December 13, 2015

December 13, 2015

 

The word of the day is “rejoice.”  We hear, “Shout for joy!” “Sing joyfully!” “Be glad and exult!” “Rejoice in the Lord always. I shall say it again: rejoice!”  This Guadete Sunday is certainly about the joyful expectation that characterizes the Advent season.  Of course, in general this time of year people are excited and participating in all of our cultural practices and expressions of Christmastime.  And yet, there is much to be anxious about: from ongoing economic woes, wars and terrorism and hostilities; to facing the holidays after a loss, or even facing the holidays alone.  It is, indeed, not a real joyful time for everyone, and the call to rejoice might sound, for some, a little simplistic if not a little patronizing. 

 

But the call to rejoice remains.  And our readings don’t just tell us to rejoice, they also tell us why and how we should rejoice.  Though they were written long ago, we mustn’t think that our passages here (or any Scripture, for that matter) were written in some fanciful ideal time and place, worlds away from our own.  The time of the prophet Zephaniah was a time of change, upheaval, power shifts, war, religious degradation, and idolatry.  Sound familiar?  And the Christians in Philippi that St.
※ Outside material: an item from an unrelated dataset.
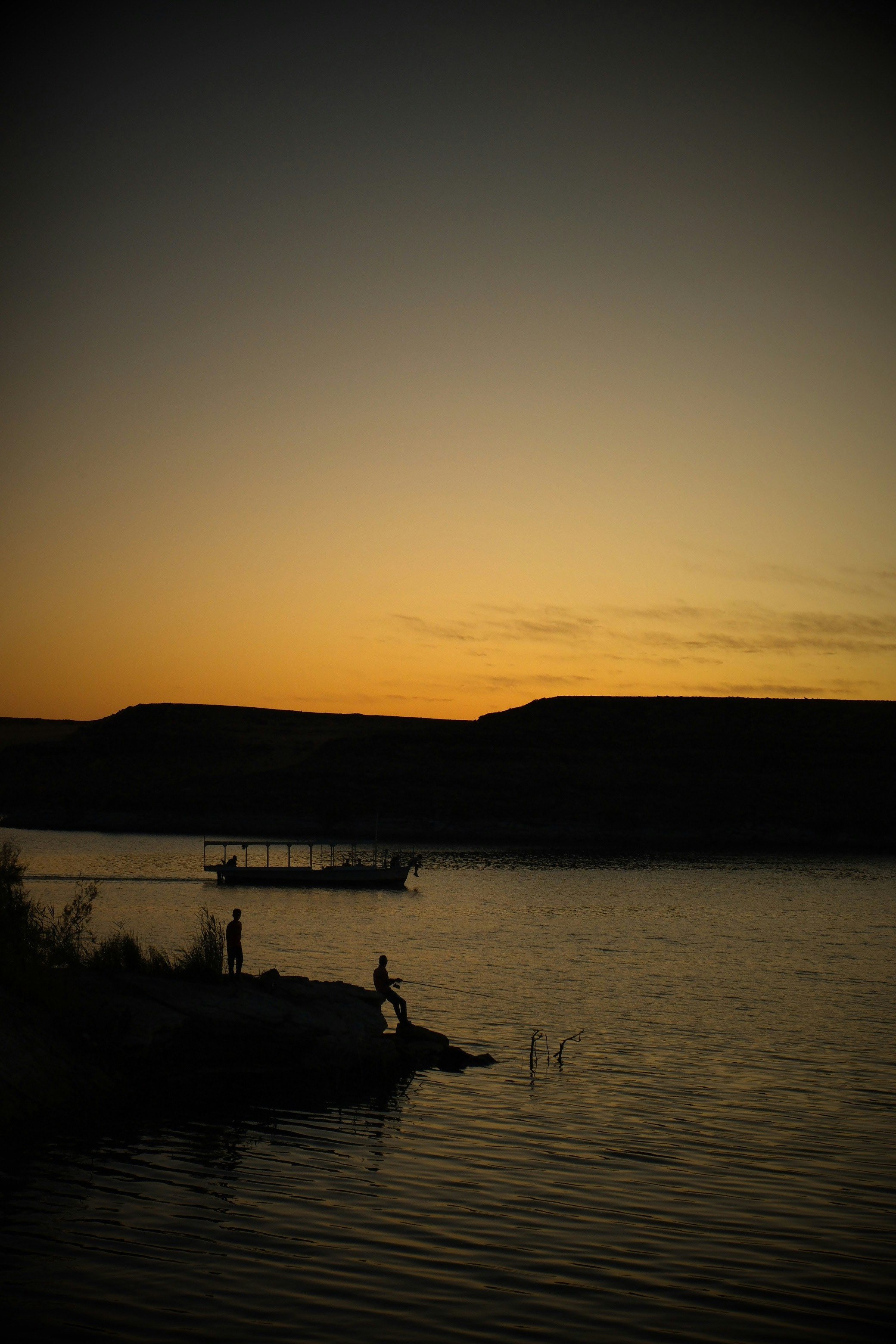 夕暮れの湖畔で人が歩く風景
Paul is writing to faced adversity both from external authorities and from internal divisions within their community. 

 

But despite the hardships in their own times and places, both Zephaniah and Paul urge their readers not to be fearful or anxious but to rejoice.  This is because even in the midst of tribulations, the presence of God is the source of true joy.  St. Paul says, “The Lord is near,” and Zephaniah says twice, “The Lord God is in your midst.”  This is why we should rejoice, especially at this time of year, not because of all the festivities, but because we are celebrating the birth of Jesus, Emmanuel, which means “God is with us.” 
In the midst of an anxious and uncertain world, God is with us. 
In the midst of personal losses and limitations, God is with us. 
In the midst of troubled relationships, God is with us. 
And, yes, in the midst of all of our blessings, God is with us. 

 

Our readings tell us why we should rejoice, and they all tell us how we should rejoice.  In other words, they answer the question we hear in the Gospel: “What should we do?”  “What should we do?”  This is the question that the crowd asked John the Baptist.  He instructs those in the crowd to share what they have with the disadvantaged.  To the hated tax collectors and soldiers, he says to do only what they are supposed to do, without cheating anyone or abusing their power.  What John told the people wasn’t anything extraordinary: be generous, be honest, be just, be fair.  And St. Paul, right after emphasizing to the Philippians the need to rejoice, follows this up by telling them, “Your kindness should be known to all.” 

 

And so we are to rejoice in the Lord by reaching out to others, allowing God to work through us (in the everyday circumstances in our lives) to make His presence known, helping to build a world of peace and restoration through the guidance of the Holy Spirit.  And in order to be people of peace, we must be people of prayer – open to God’s word; thankful for God’s presence with us; asking for that presence to grow more and more within ourselves, within our families, and within our world.  Through service/charity and prayer, we can bring God to our anxious world and bring our anxious world to God. 

 

The source and the ending point in all of this is the Eucharist that we share – the Communion we receive, the Communion that we are and that we must desire to live out more fully.  This, truly, is rejoicing in the Lord.  We don’t have to have everything perfectly in place in order to do this.  God is in the midst of the whole mess, with the promise of renewal and salvation; and in this we can find our hope, our peace, and our joy.